Der Schweizer tat wie geheißen, aber er hatte ebenso wenig Erfolg wie andere in diese Angelegenheit eingebundene Personen. Obwohl die Telefonleitungen glühten, gelang es niemandem, Ottmar Hitzfeld, 55, von seinem Vorhaben abzubringen.

Am nächsten Morgen, dem gestrigen Donnerstagmorgen, griff der Erfolgstrainer zum Telefon, rief den DFB-Präsidenten Gerhard Mayer-Vorfelder in Lissabon an und teilte ihm mit, dass er das Angebot, in Nachfolge von Rudi Völler Bundestrainer zu werden, ausschlagen müsse. Kurz darauf wurde die Geschäftsstelle des Verbandes informiert, die Presseabteilung formulierte ein Kommuniqué, das umgehend den Nachrichtenagenturen zugesandt wurde.

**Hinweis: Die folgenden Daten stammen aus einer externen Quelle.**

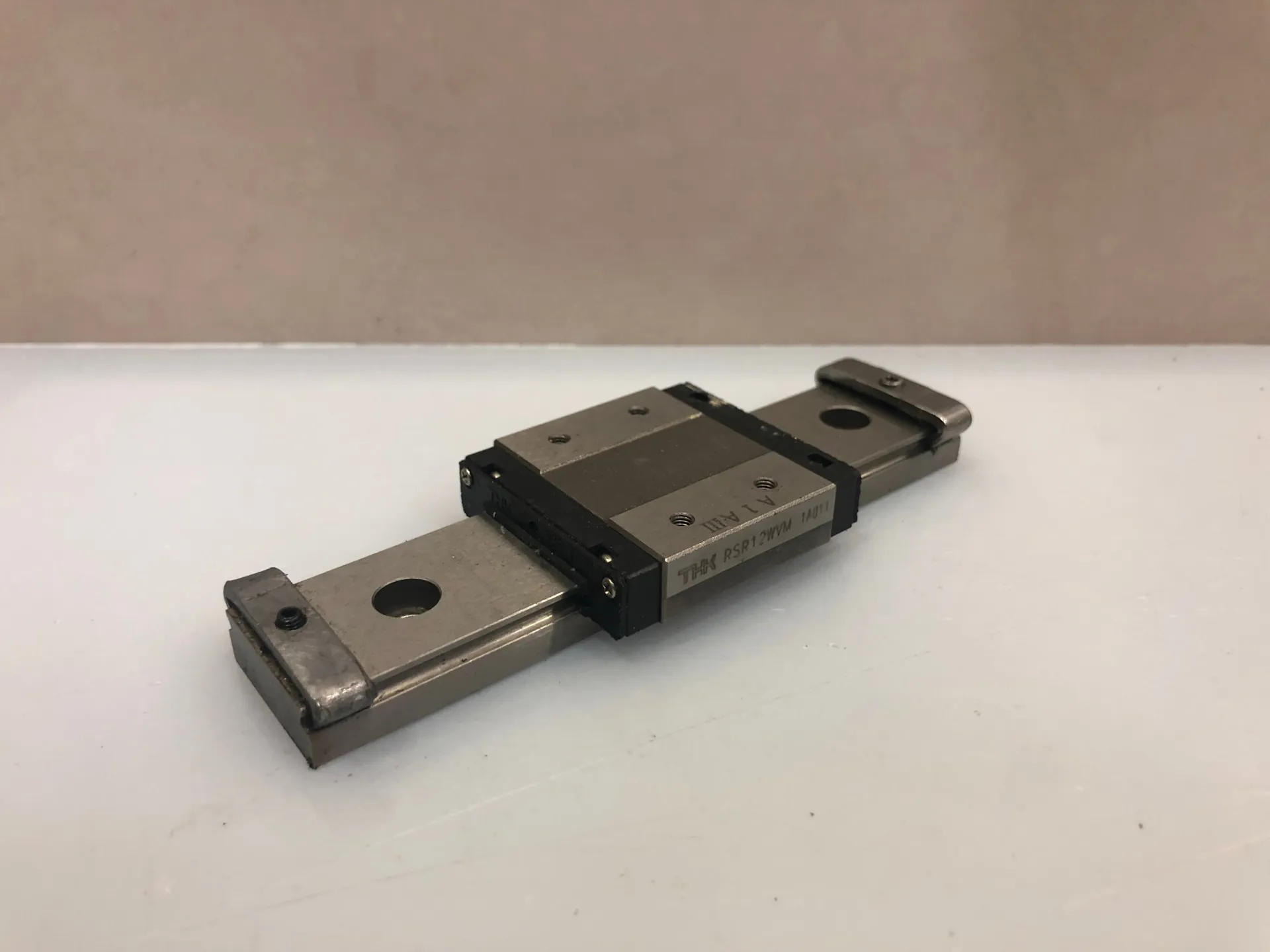 THK RSR12WVM Linear Guide Way with 115mm Rail - Image 1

Um 12.59 Uhr erreichte die Zeitungsredaktionen ein so genannter Flash des Sport-Informationsdienstes sid: "Hitzfeld wird nicht Fußball-Bundestrainer", lautete die lapidare Meldung, der Minuten später eine ausführlichere Begründung des derzeit in Engelberg in der Schweiz urlaubenden Coaches folgte: "Diese Entscheidung ist mir sehr, sehr schwer gefallen. Das Amt des Bundestrainers ist eine Auszeichnung, die Weltmeisterschaft im eigenen Land ein Traum. Aber ich bin derzeit nicht in der Verfassung, die nötig ist, der deutschen Nationalmannschaft bis zur WM 2006 weiterzuhelfen - so, wie ich das unbedingt für nötig halte. Ich möchte mich für das mir entgegen gebrachte Vertrauen bedanken. Mit Herrn Mayer-Vorfelder habe ich ein gutes Gespräch geführt und wir hatten Einigkeit in allen wesentlichen Punkten erzielt", wird Hitzfeld zitiert.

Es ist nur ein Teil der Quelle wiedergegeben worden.